M. Jean-Marc Pastor. Tripatouillage !
M. Alain Vasselle. Je pensais que le Gouvernement demanderait, sur cet amendement, une seconde délibération. Mais il ne l'a pas fait.
Donc, sur la forme, je m'étonne d'une telle procédure : est-elle autorisée par notre règlement ? Sur ce point, vous êtes seul juge, monsieur le président !
M. Jean-Paul Emorine, président de la commission des affaires économiques. Elle l'est !
M. Alain Vasselle. Sur le fond, j'ai eu l'honnêteté intellectuelle d'admettre hier que, lorsque le président Emorine m'avait parlé de ce sujet, j'avais été tout à fait séduit par sa proposition, qui me paraissait aller dans la bonne direction. En effet, j'en partage l'esprit, à savoir la généralisation du système d'assurance à l'ensemble des productions agricoles,...
M. Gérard César, rapporteur. La généralisation progressive !
M. Alain Vasselle. ... selon un régime à caractère obligatoire et non facultatif.

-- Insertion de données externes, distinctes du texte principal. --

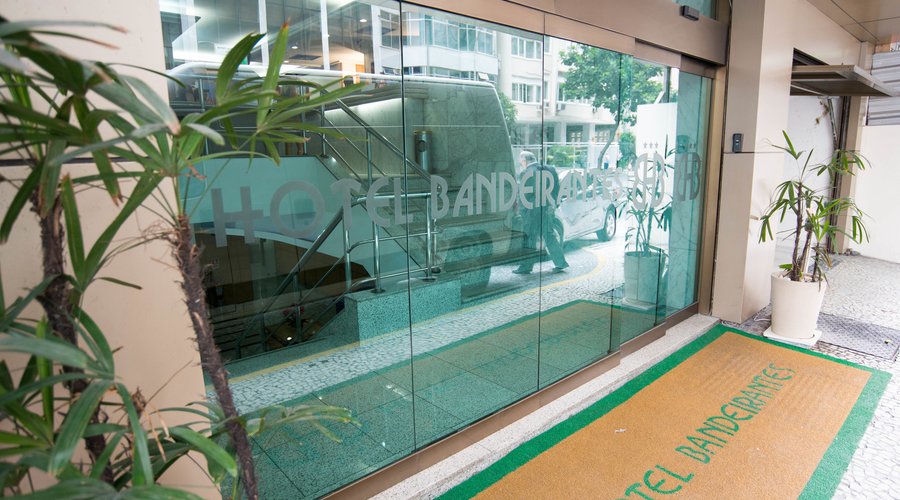 Entrance at the Hotel Bandeirantes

Evidemment, la rédaction assez prudente de cet amendement laisse certaines questions en suspens. Il faudra donc que, sur ce point au moins, le Gouvernement et la commission nous éclairent afin que nous sachions dans quelle direction nous nous engageons.
Par ailleurs, il semblerait que les organisations professionnelles agricoles n'aient pas été consultées sur cette initiative, à en croire les contacts que j'ai eus avec les représentants des chambres d'agriculture de la région Nord, qui m'ont alerté sur cette disposition. Et ils m'ont fait savoir que cette disposition ne correspondait pas actuellement aux attentes de la profession agricole !
Je pense qu'une mesure de cette importance, qui engage financièrement les exploitants agricoles, mériterait au minimum qu'une concertation soit engagée avec les représentants des professions agricoles afin de déterminer les limites et le cadre d'intervention de ce type d'assurance. Ceux-ci craignent en effet que, comme cela se passe d'ailleurs pour la MSA, les agriculteurs du nord de la France financent un dispositif qui profitera essentiellement aux agriculteurs du sud de la France. (Protestations sur certaines travées de l'UMP.)
M. Jacques Blanc. Oh ! Un tel propos n'est pas acceptable !
M. Jean Desessard. Cela s'est produit !
M. Alain Vasselle. C'est peut-être un peu caricatural, mais je le répète tel que je l'ai entendu.
Je ne prétends que cet argument doit déterminer le vote des parlementaires, mais c'est une des préoccupations qui a été avancée. En tout état de cause, cela mérite une réflexion supplémentaire. La mutualisation trouve en effet ses limites dans le contexte actuel, et je ne suis pas sûr que l'on ait mesuré les conséquences de la nouvelle politique agricole commune sur la situation économique des agriculteurs.
M. Paul Raoult. C'est vrai !
M. Alain Vasselle. Alors que nous débattons de ce sujet depuis maintenant plusieurs jours, je crains que l'adoption de ce projet de loi d'orientation agricole ne réponde que très partiellement...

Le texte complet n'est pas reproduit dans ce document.